- photo by Adela Romanowski
- Born: 16 September 1908 Dundee, South Africa
- Died: 3 March 1999 (aged 90) Pretoria

= Leslie Codd =

South African plant taxonomist (1908-1999)

Leslie Edward Wostall Codd (16 September 1908 in Vants Drift, Dundee, District, Natal – 2 March 1999 in Pretoria), was a South African plant taxonomist.

==Life==
Codd was born in 1908. He attended the Natal University College where he obtained an M.Sc in 1928. He continued his studies at Cambridge University in 1929, and the Imperial College of Tropical Agriculture in Trinidad in 1930, where he met his future wife, Cynthia. He worked with the Department of Agriculture in British Guiana between 1931 and 1936. In 1937 he was appointed to the Pasture Research Section of the Department of Agriculture in Pretoria. In 1941 he was awarded a D.Sc degree by the University of South Africa.

In 1945 he assumed the post of Officer-in-Charge at the Prinshof Experiment Station in the Division of Botany, where he was involved with the selection, growing and testing of pasture grasses. At the same time he was in charge of the Botanical Survey of South Africa.

While stationed at Prinshof he frequently visited the Kruger National Park on plant collecting trips. He saw the need for an informal botanical guide to the reserve and in 1951 produced "Trees and Shrubs of the Kruger National Park", one of the most popular items in the series Memoirs of the Botanical Survey of South Africa.

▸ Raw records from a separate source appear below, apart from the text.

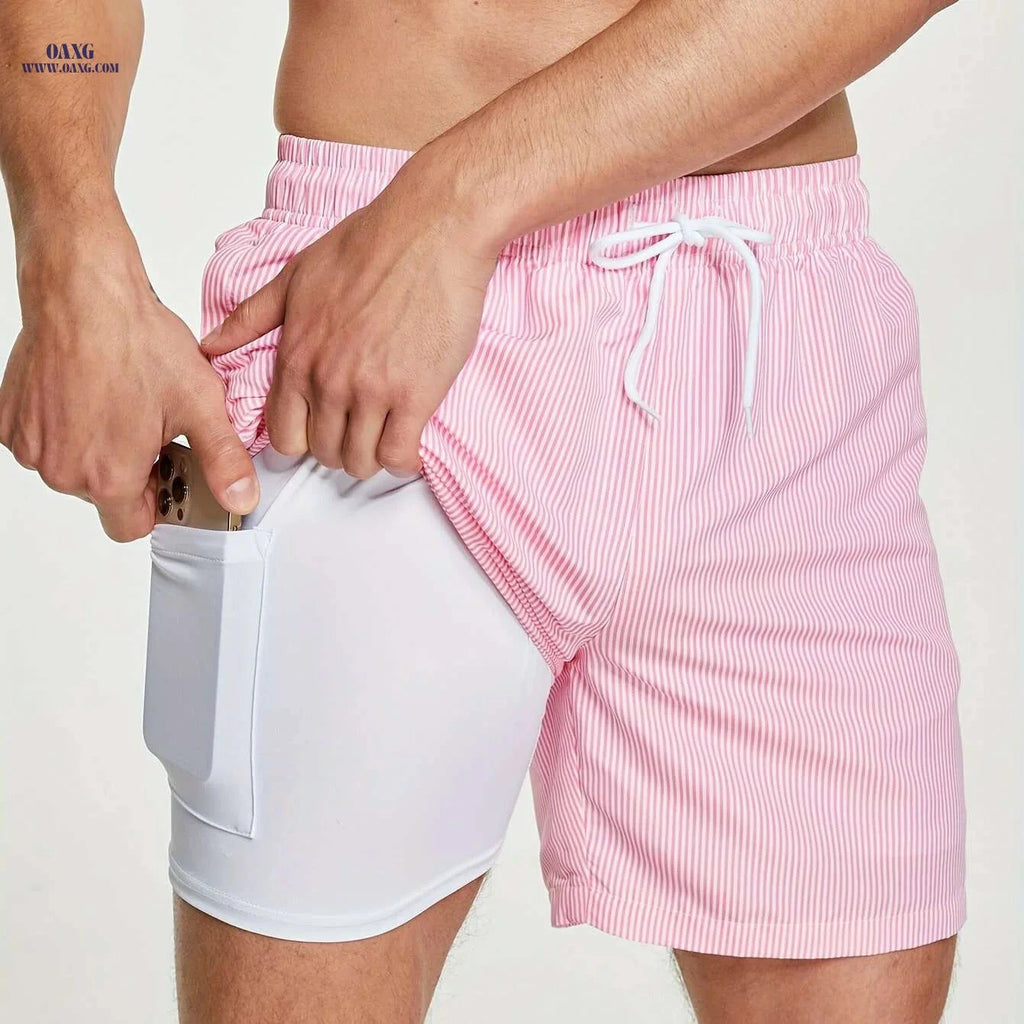 Men's Floral Pattern 2-in-1 Double Layer Shorts - Zipper Pocket Included   OAXG Sky Blue / M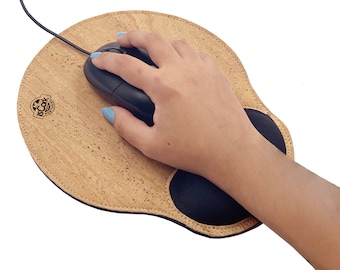 Ergonomic Cork Mouse Pad, Cork Mat, Personalized Mouse Pad, Personalized Gift, Eco Mouse Pad, Vegan Mouse Pad
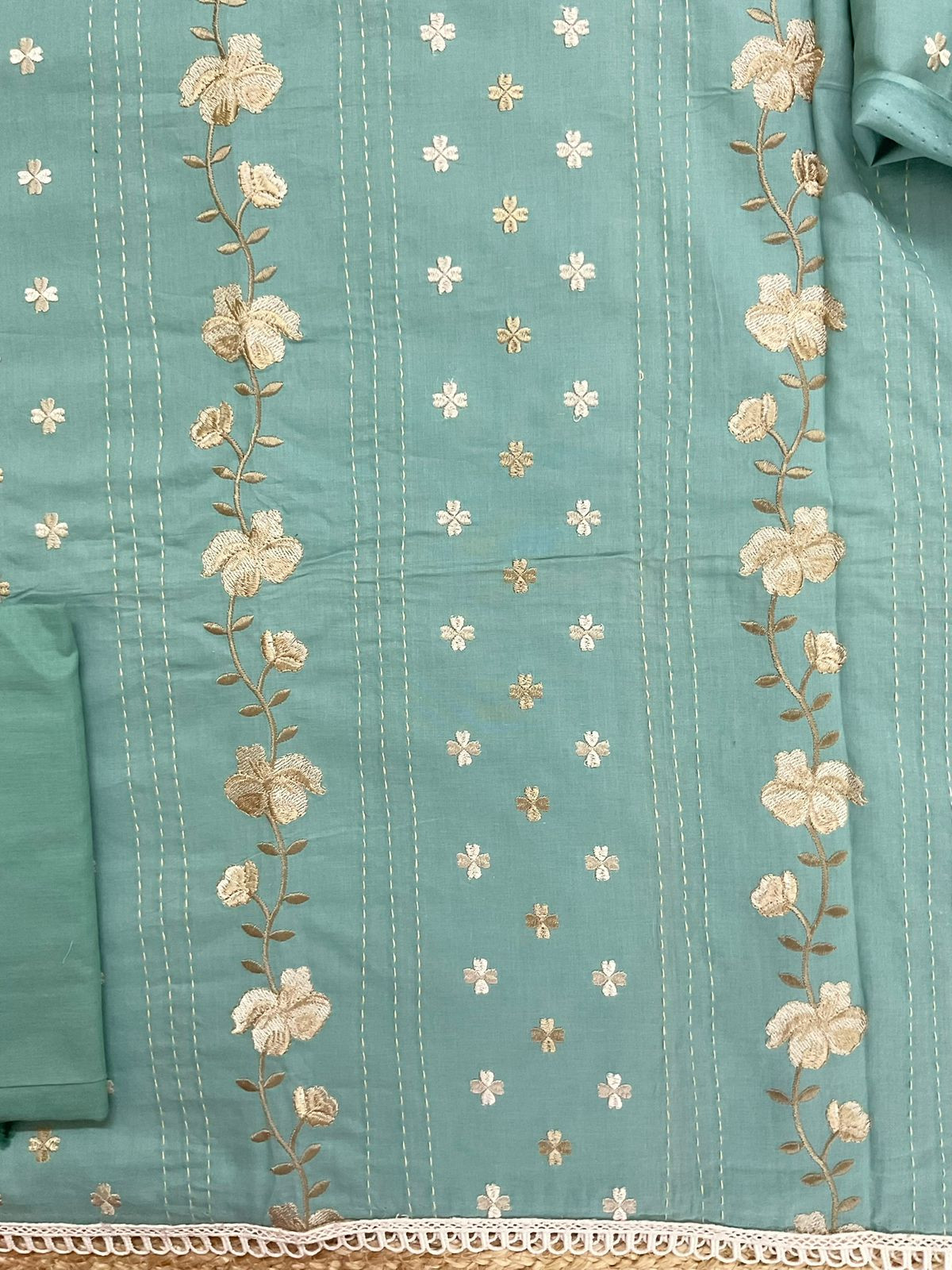 Pure Cotton Printed Embroidered Suit - Blue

With librarian Mary Gunn, he co-authored Botanical Exploration of Southern Africa in 1981, a history of the country's plant collecting, collectors and early botanical illustrations, with a follow-up in 1985. (Note: A revised and expanded version was reissued in 2010 by Glen and Germishuizen) Gunn was known for specialising in non-contemporary botanists. A student once asked her a question about a contemporary botanist to which she replied "...I only deal with dead botanists, either kill him off or ask Codd next door!"

He succeeded Robert Allen Dyer as director of the Botanical Research Institute from 1963 until his retirement in 1973, and worked in the Flora Research Section thereafter.

Codd is commemorated in numerous specific names, including Berkheya coddii, Brachystelma coddii, Agapanthus coddii, Thorncroftia coddii, and others. His specimens number more than 10,000 (PRE, K, SRGH) and are mainly South African, with about 500 having come from Caprivi and Barotseland in 1952.

== Awards & honours ==
- 1957–58 President of Section B of SA Assoc. for the Adv. of Sc.
- 1961 President of the SA Biological Soc.
- 1977 SA Medal by SA Assoc. for the Adv. of Sc.
- 1979 SA Medal for Botany
- 1982 Senior Captain Scott Memorial Medal by the South African Biological Society.